▶ **ACTION ITEM**
Transcribe exactly, please, the lines from the one containing "Apartamento, 2 quartos, 44 m² - Foto 5" through the end of the records below, and leave out the pictures.
++++++
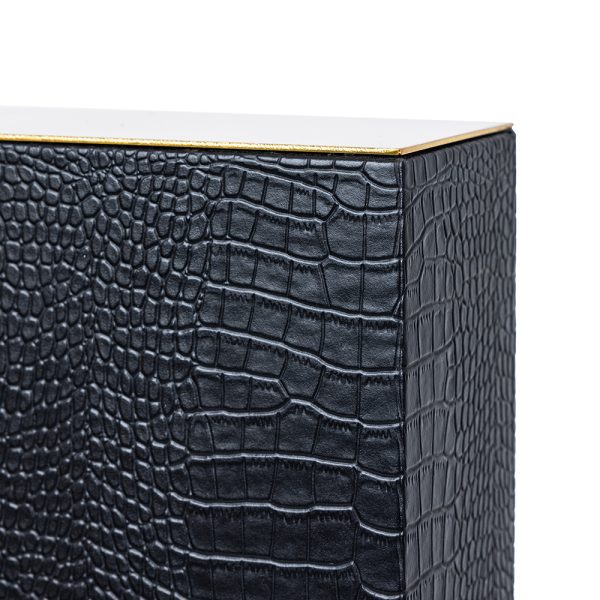 dekorativnaja-nastolnaja-lampa-arte-lamp-zulu-a5058lt-1pb-3 Декоративная настольная лампа Arte Lamp ZULU A5058LT-1PB — изображение 4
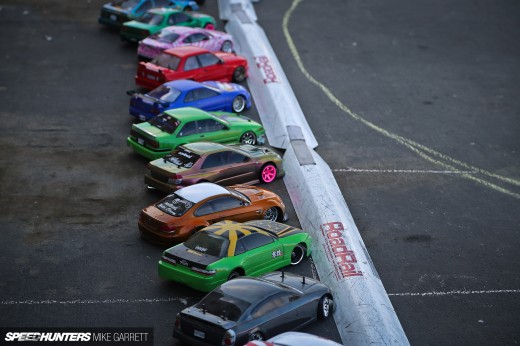 Blox-Evolution-106&nbsp;copy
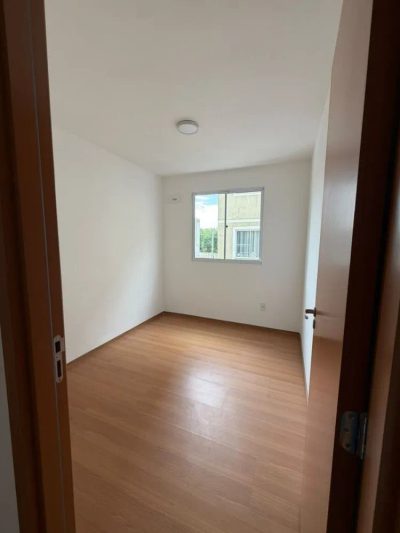 Apartamento, 2 quartos, 44 m² - Foto 5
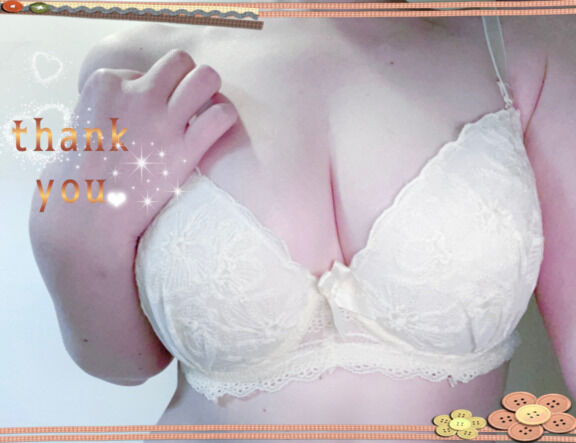 ♡♡♡*｡ﾟ明日から出勤です(♡♡′♡♡♡♡)"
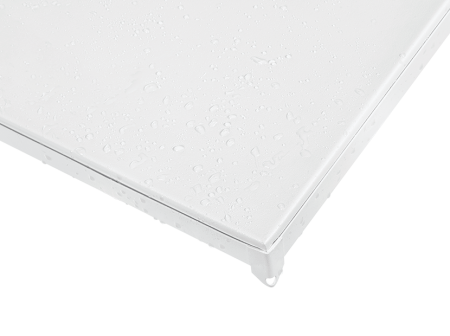 Обогреватель инфракрасный BALLU BIH-S2-0.3 НС-1132836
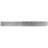 Bellagio 5.03" Center to Center Bar/Handle Pull-122444675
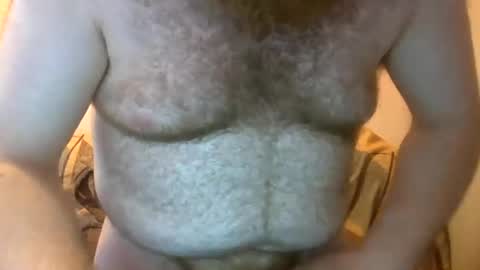 Snapshot of scottishlover88 chatting on July 28, 6:20 pm scottishlover88 online show from July 28, 6:20 pm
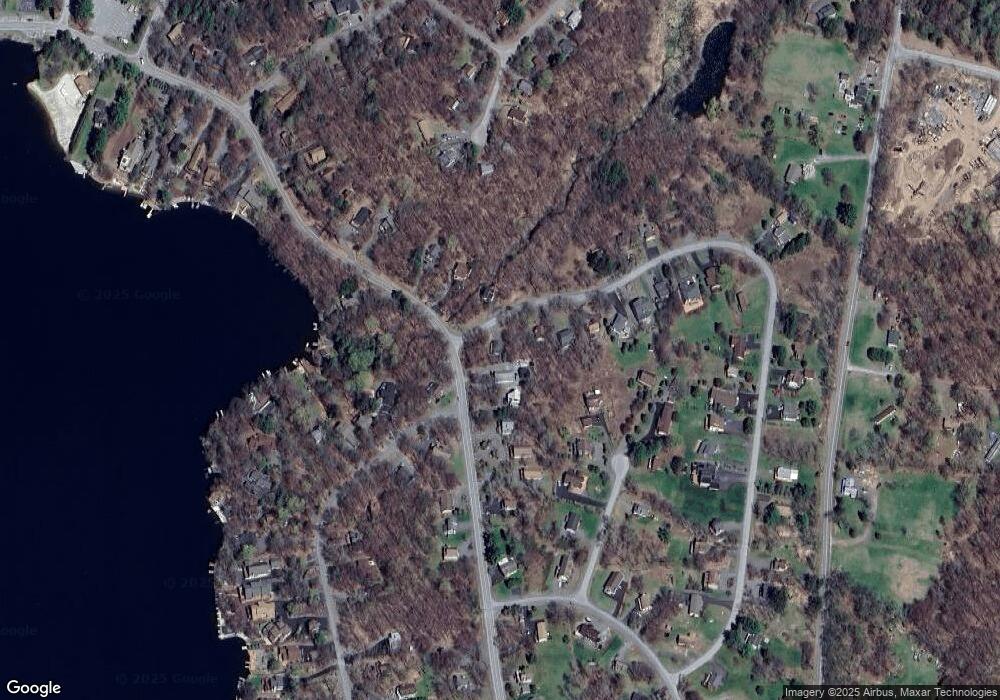 2115 Lakeview, Lake Ariel, PA 18436 - photo 1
++++++
▶ **RESPONSE AREA**
 Apartamento, 2 quartos, 44 m² - Foto 5
 ♡♡♡*｡ﾟ明日から出勤です(♡♡′♡♡♡♡)"
 Обогреватель инфракрасный BALLU BIH-S2-0.3 НС-1132836
 Bellagio 5.03" Center to Center Bar/Handle Pull-122444675
 Snapshot of scottishlover88 chatting on July 28, 6:20 pm scottishlover88 online show from July 28, 6:20 pm
 2115 Lakeview, Lake Ariel, PA 18436 - photo 1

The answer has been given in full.